More objects seized, S. Arabia creates police unit

11 June, 17:17

(ANSAmed) - DUBAI, JUNE 11 - In the shadow of the enormous skyscrapers in Dubai, symbols of modernity and innovation, old superstitions and black magic are still popular in the Emirate's intricate multicultural social web. At least according to the amount of ''material for witchcraft'' impounded by the border police: 92 cases in one year. Witchcraft is punishable with imprisonment in the United Arab Emirates, but in other Gulf states, like Saudi Arabia, culprits can even get the death penalty. Yesterday two Asian men were arrested at the airport when some bizarre and illegal objects were found in their luggage: texts containing magic spells and rituals, talismans, animal hides and bones, containers holding blood and other liquids, strings and strange rings: 1200 objects, classifiable in 28 categories, in total. ''Magic and witchcraft are dangerous practices that jeopardise society, manipulating the minds of people with problems,'' commented Ali Al Maghawi, director of customs operations, underlining that people's credulity is often used for fraud.

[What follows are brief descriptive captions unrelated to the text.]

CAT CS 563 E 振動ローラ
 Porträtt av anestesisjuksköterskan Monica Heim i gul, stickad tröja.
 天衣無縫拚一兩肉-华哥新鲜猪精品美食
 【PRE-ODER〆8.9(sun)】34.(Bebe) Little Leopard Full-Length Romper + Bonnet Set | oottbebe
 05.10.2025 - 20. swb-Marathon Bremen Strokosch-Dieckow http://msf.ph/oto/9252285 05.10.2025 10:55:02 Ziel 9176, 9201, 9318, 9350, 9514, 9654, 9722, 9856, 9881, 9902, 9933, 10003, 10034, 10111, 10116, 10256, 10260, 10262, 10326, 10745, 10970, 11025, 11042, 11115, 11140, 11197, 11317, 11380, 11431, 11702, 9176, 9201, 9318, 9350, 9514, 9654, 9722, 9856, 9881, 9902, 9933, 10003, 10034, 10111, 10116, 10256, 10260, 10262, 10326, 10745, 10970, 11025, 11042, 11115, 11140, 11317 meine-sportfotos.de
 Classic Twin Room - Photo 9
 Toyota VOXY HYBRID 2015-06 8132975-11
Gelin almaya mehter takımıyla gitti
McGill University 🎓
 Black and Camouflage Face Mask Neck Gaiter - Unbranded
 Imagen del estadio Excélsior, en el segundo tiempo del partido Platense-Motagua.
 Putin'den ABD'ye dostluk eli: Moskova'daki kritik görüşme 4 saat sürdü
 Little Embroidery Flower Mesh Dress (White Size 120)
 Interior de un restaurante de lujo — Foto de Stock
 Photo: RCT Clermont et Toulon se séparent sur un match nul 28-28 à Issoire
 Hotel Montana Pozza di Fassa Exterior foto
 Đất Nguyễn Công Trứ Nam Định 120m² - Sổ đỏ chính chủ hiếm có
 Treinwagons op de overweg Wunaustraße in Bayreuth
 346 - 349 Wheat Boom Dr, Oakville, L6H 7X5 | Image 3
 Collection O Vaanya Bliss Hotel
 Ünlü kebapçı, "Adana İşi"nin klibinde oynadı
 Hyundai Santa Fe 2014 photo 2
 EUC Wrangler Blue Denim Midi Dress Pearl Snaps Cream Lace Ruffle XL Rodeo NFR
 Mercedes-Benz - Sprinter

Women are often the easiest victims according to statistics. Islam explicitly forbids ''learning, teaching and practicing magic'' as well as consulting magicians, fortune-tellers, wizards and the likes because they go against the will of Allah, the only one to decide on the destiny of each individual, the Gran Mufti for Islamic Affairs, Ali Ahmad Masha'al, explains in newspaper Gulf News.

Saudi Arabia carried out two death sentence for witchcraft in 2011: a man from Sudan and an Arab woman were beheaded in a period of a few months. The year before, a Lebanese sorcerer, well-known from television, was arrested when entering the oil state. He was brought to trial and sentenced to death. The sentence was not carried out in the end because of strong international pressure. Despite the arrests and the severe penalties, many people are still seduced by magic. In March Saudi Arabia counted more than 580 cases, causing the country to form a special police team to fight ''all sorcerers and charlatans'' in the Kingdom, investing half a million euros and launching a large-scale national campaign. (ANSAmed).